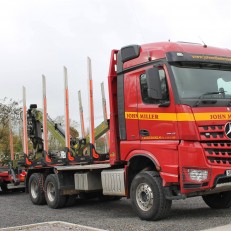 Timber Haulage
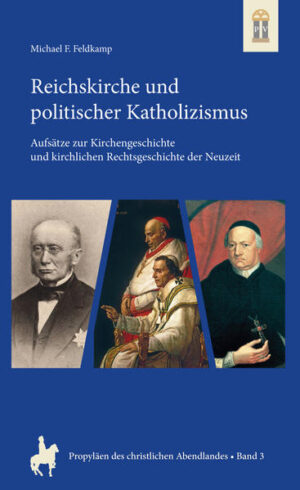 Reichskirche und politischer Katholizsimus | Bundesamt für magische Wesen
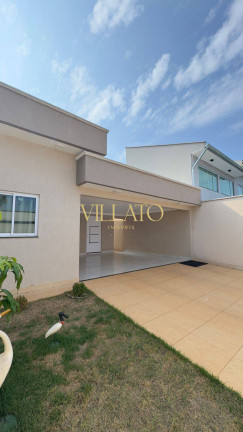 Imagem Casa com 3 Quartos à Venda, 165 m² em Jardim Fonte Nova - Goiânia Imagem Casa com 3 Quartos à Venda, 165 m² em Jardim Fonte Nova - Goiânia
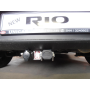 Galia Ťažné zariadenie K0376 typ A pre KIA Rio - 3dv, 4dv,  5dv (2011-2016) , r 2011-2017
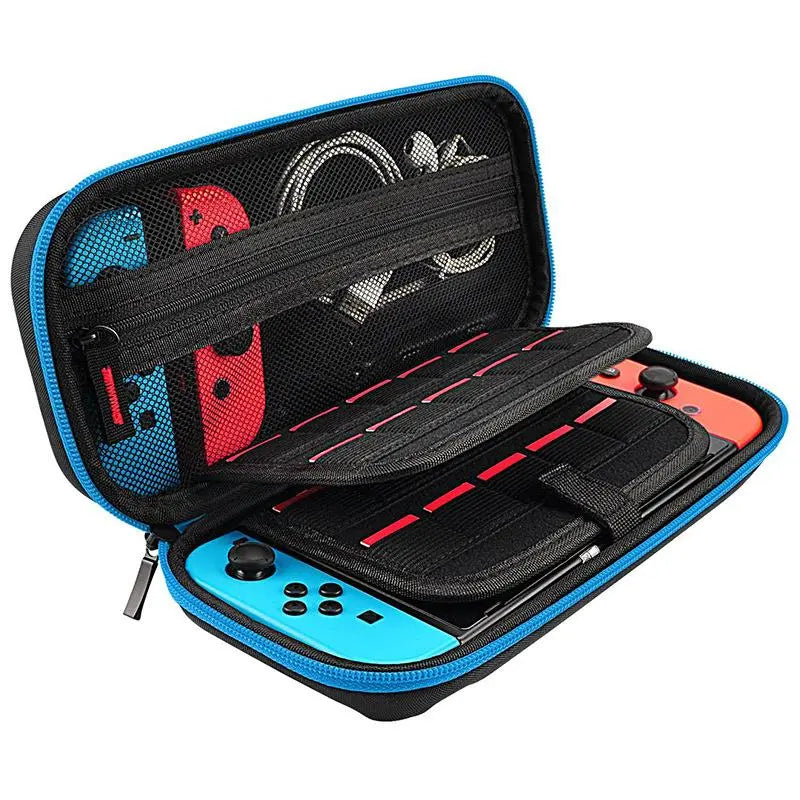 Retro Game Console bag storage bag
##############################
[What is expected] Restate each line of the material word for word, skipping any picture.

[Finished exercise]
 Timber Haulage
 Reichskirche und politischer Katholizsimus | Bundesamt für magische Wesen
 Imagem Casa com 3 Quartos à Venda, 165 m² em Jardim Fonte Nova - Goiânia Imagem Casa com 3 Quartos à Venda, 165 m² em Jardim Fonte Nova - Goiânia
 Galia Ťažné zariadenie K0376 typ A pre KIA Rio - 3dv, 4dv,  5dv (2011-2016) , r 2011-2017
 Retro Game Console bag storage bag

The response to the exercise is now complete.